I came to Newcastle Upon Tyne almost by accident. I was trying to choose a university and somehow Newcastle ended up on the list. I did not know much about the city when I arrived but soon grew to love the friendly vibrant place. Many years later I am still finding new places in the toon to visit and explore. Whilst I have visited many cities around the world Newcastle is the place I call home. There are so many things to do in Newcastle that if you come for a visit your time would be full. There is fabulous shopping with InTu Eldon Square and the InTu Metro Centre a short bus ride away. If you want food there is a great selection of restaurants and pubs and a vibrant nightlife. If museums are more your taste there are plenty of free museums like the Discovery Museum and the Great North Museum. It is really difficult to pick out the three things I love most about Newcastle. If pressed I would pick the following three things:
Newcastle is a city of bridges, some old and some new. There have been bridges spanning the river Tyne since the time of the Romans. The Quayside area of Newcastle is home to a great number of bridges from the iconic Tyne Bridge to the more modern Millennium bridge. When I see the Tyne Bridge I always know I am home. It was the first view of Newcastle I saw when I arrived by train and crossing it by road its green arches welcome you to the city.

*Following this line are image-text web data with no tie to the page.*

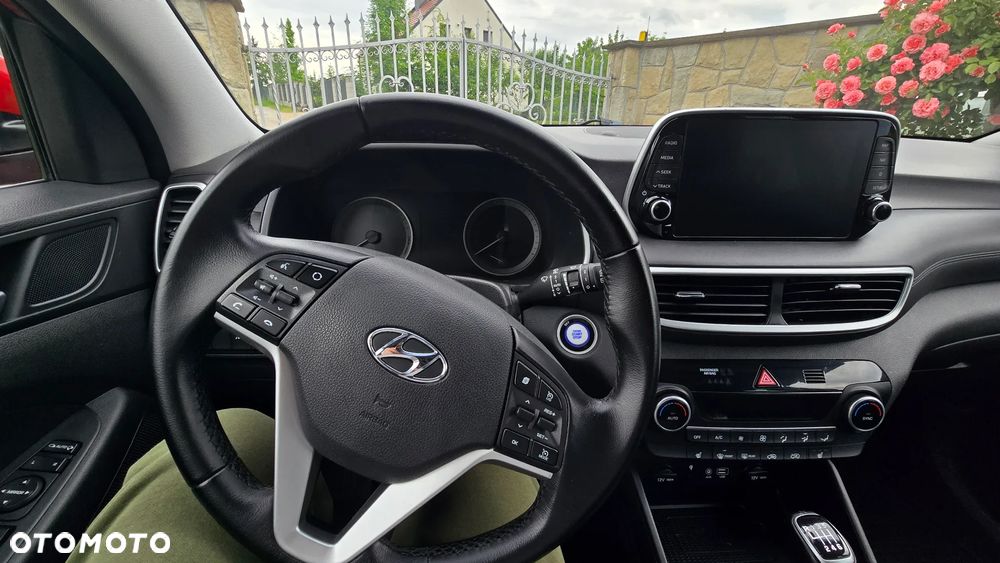 Hyundai Tucson 1.6 GDi 2WD Select - 20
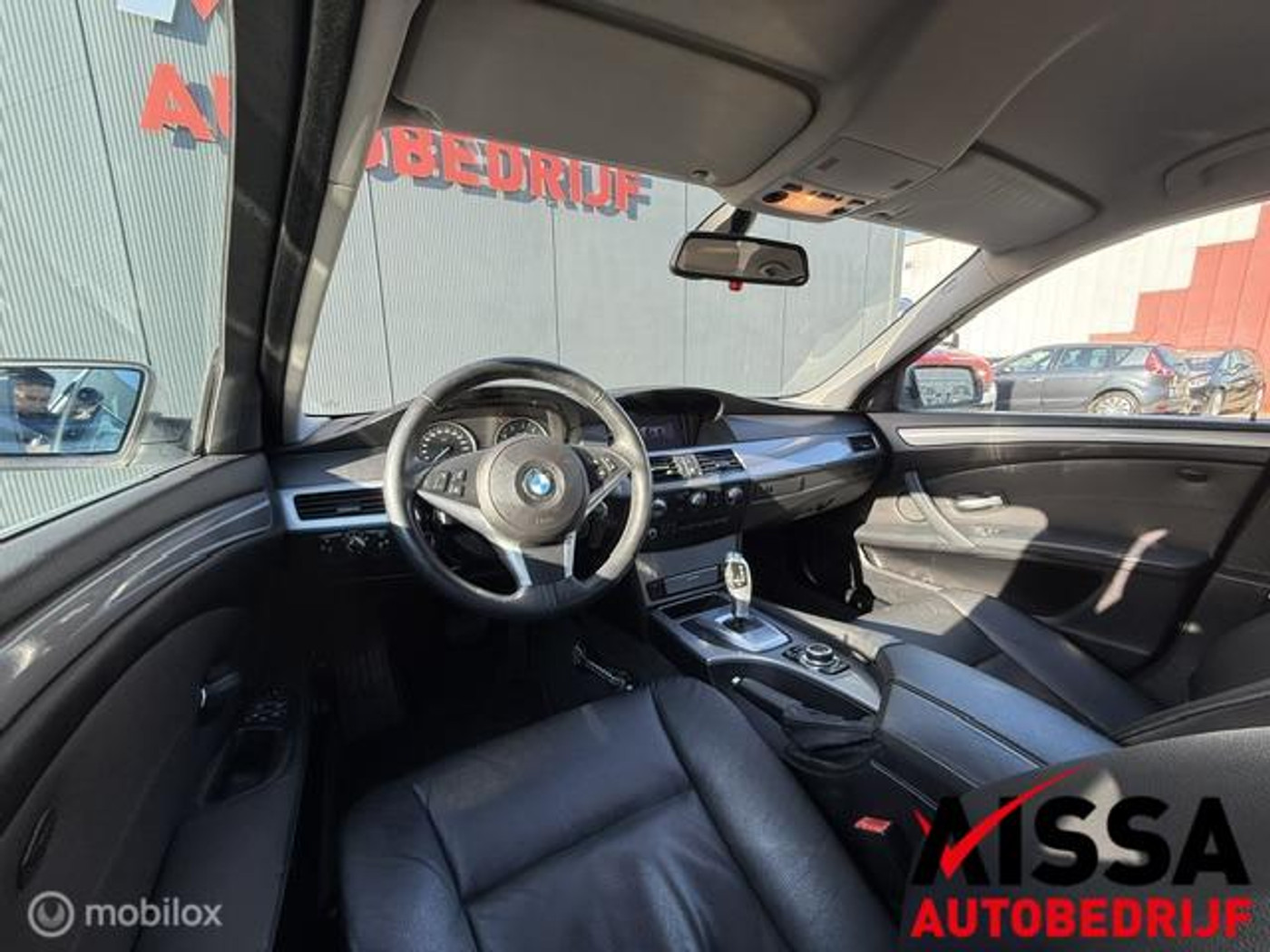 Foto van BMW 5er Reihe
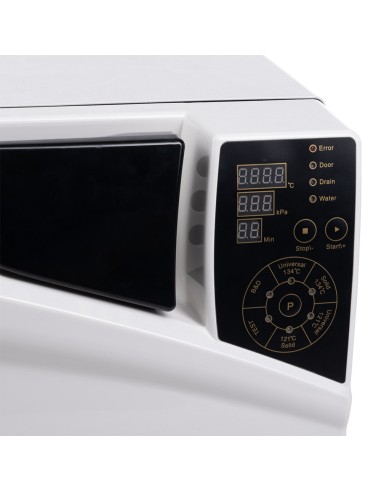 SteamIT LCD 8L Class B Medical Autoclave | Bella Furniture Ireland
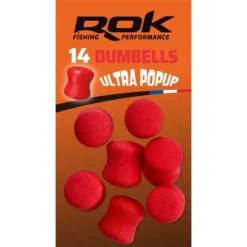HOOKBAIT ROK FISHING DUMBELLS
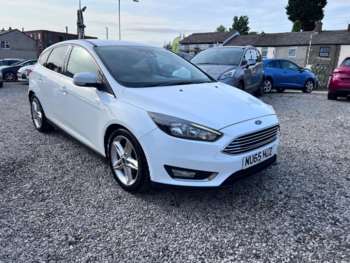Used Ford Focus 2015 for sale - 74932327: Photo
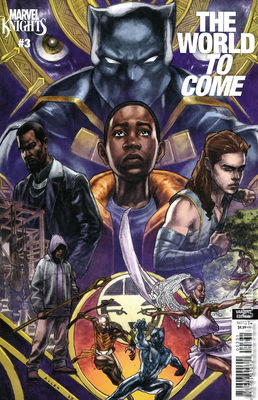 Marvel Knights: The World to Come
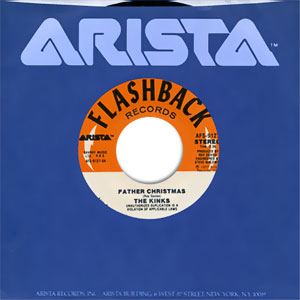 Father Christmas / (Wish I Could Fly Like) Superman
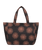 The Billabong Dreamaway Tote Bag in Black Sands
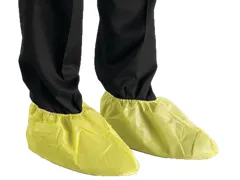 Ansell Alphatec 3000 400 overschoenen, geel, maat 42/46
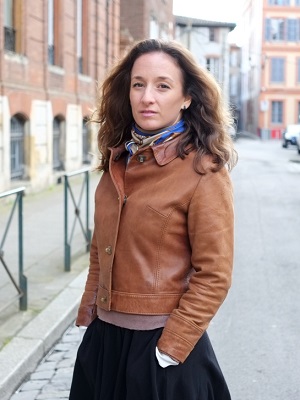 Aude Chevalier-Beaumel; Fransız görüntü yönetmeni, senarist, ses tasarımcısı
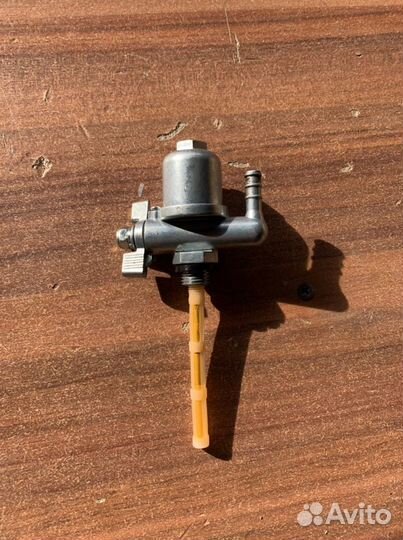 Топливный кран мото иж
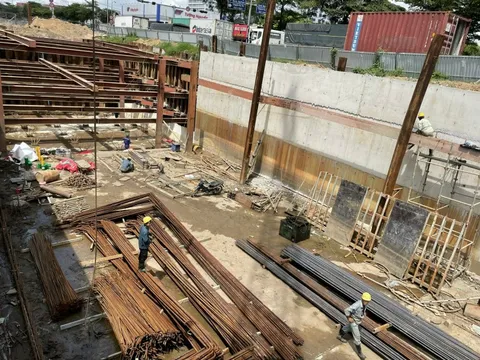 Đề nghị rút giấy phép thi công dự án giao thông hơn 2.500 tỉ đồng ở TP HCM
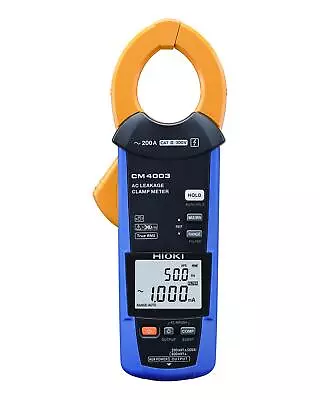 HIOKI CM4003 AC Leak Clamp Meter • $833.55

The bridges also represent the industrial background of the city. The hydraulic swing bridge was built by Armstrong, a Newcastle scientist and industrialist. It is unique as it swings round to let ships though using hydraulic power. The high level bridge was designed by Robert Stephenson and is the oldest bridge crossing the Tyne. It is both a railway bridge and a road bridge.
When walking around Newcastle you will find old mixing with new. You can be walking along a shopping street and suddenly find you are at the Castle Keep. It was built by Henry II and goes back to the time when Newcastle was surrounded by a city wall for defensive purposes.

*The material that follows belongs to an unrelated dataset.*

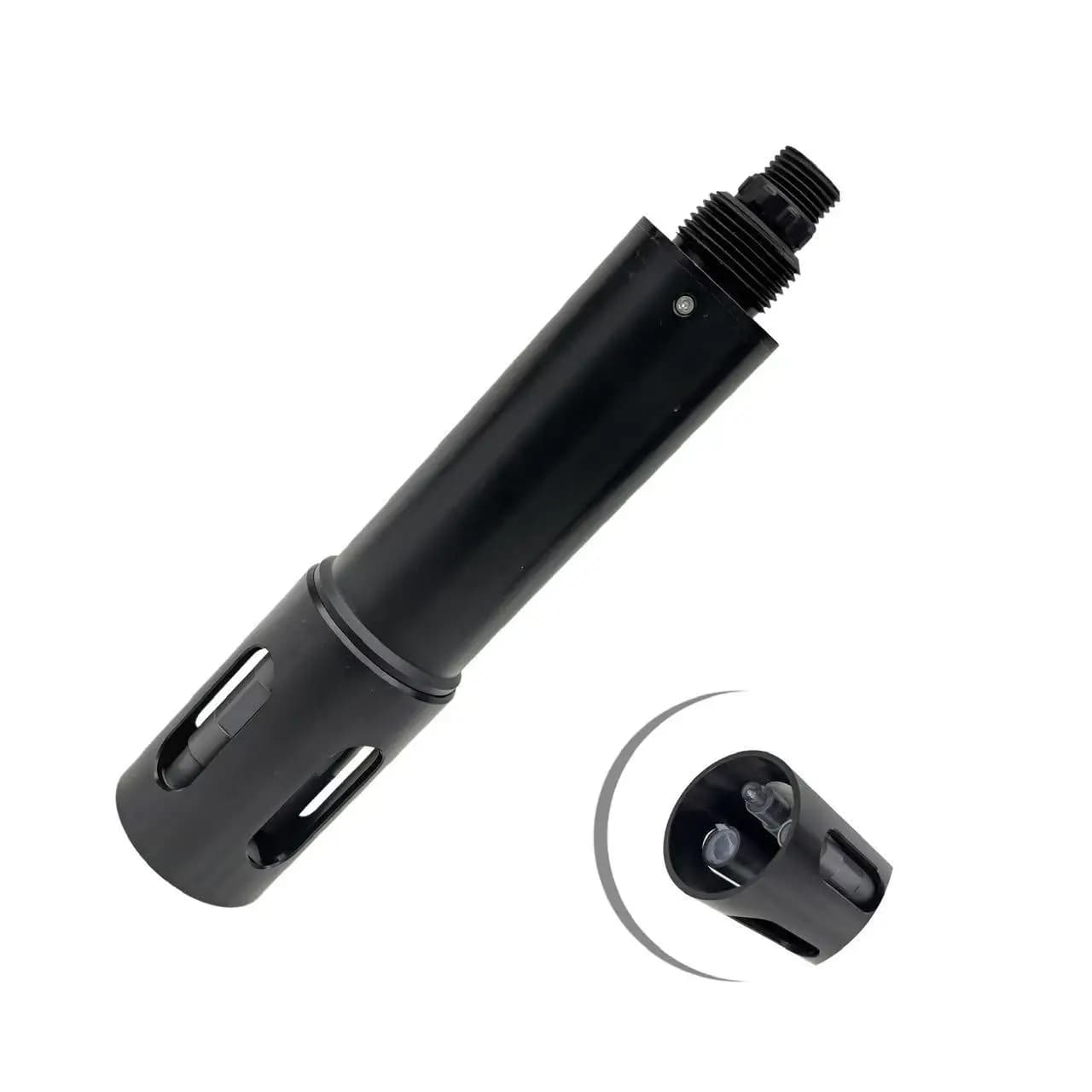 Online Digital Ammonium (NH4) Sensor Ammonia Nitrogen Probe for Aquaculture Water Quality Fish Shrimp Pond Farming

Parts of the city wall still remain and recently I walked along some of their length with my son on the way to the Centre for Life. He was fascinated and kept stopping to read the information placards along the way.
I love the way the city has mixed the old with the new, keeping its sense of history.

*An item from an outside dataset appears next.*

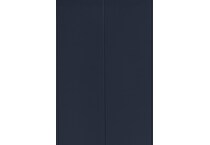 blue gray swatch  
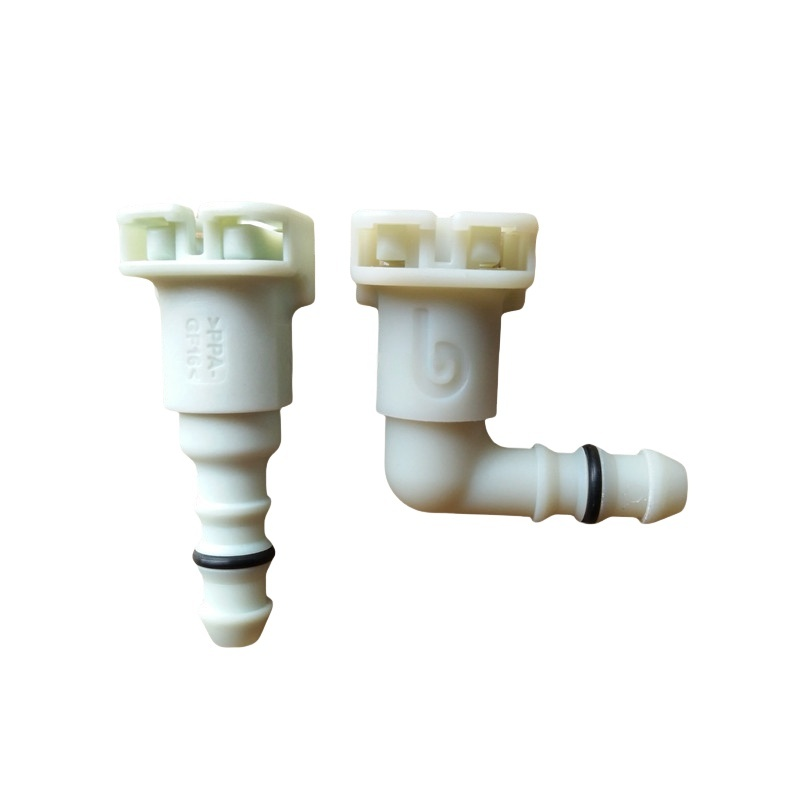 7.89mm ID6 180 degree 5/16 SAE - Plastic Pipe Clip 리뷰 및 가격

Newcastle is a very unique city and this can be seen as you walk around it. You will find strangely named streets like Pudding Chare and Amen Corner as well as aptly named flights of stairs like this one called Long Stairs.
The dog leap stairs always make me smile as the name is so apt. Bessie Surtees is said to have ridden up these stairs on horseback with John Scott before they were married in Scotland. The stairs are also mentioned in the Dire Straits song “Down to the waterline”.
Where else can you find bricks like these?
If you look you will find examples of Newcastle’s uniqueness all through the city.
I would love to know what your favourite things about Newcastle are. What you you add to my list?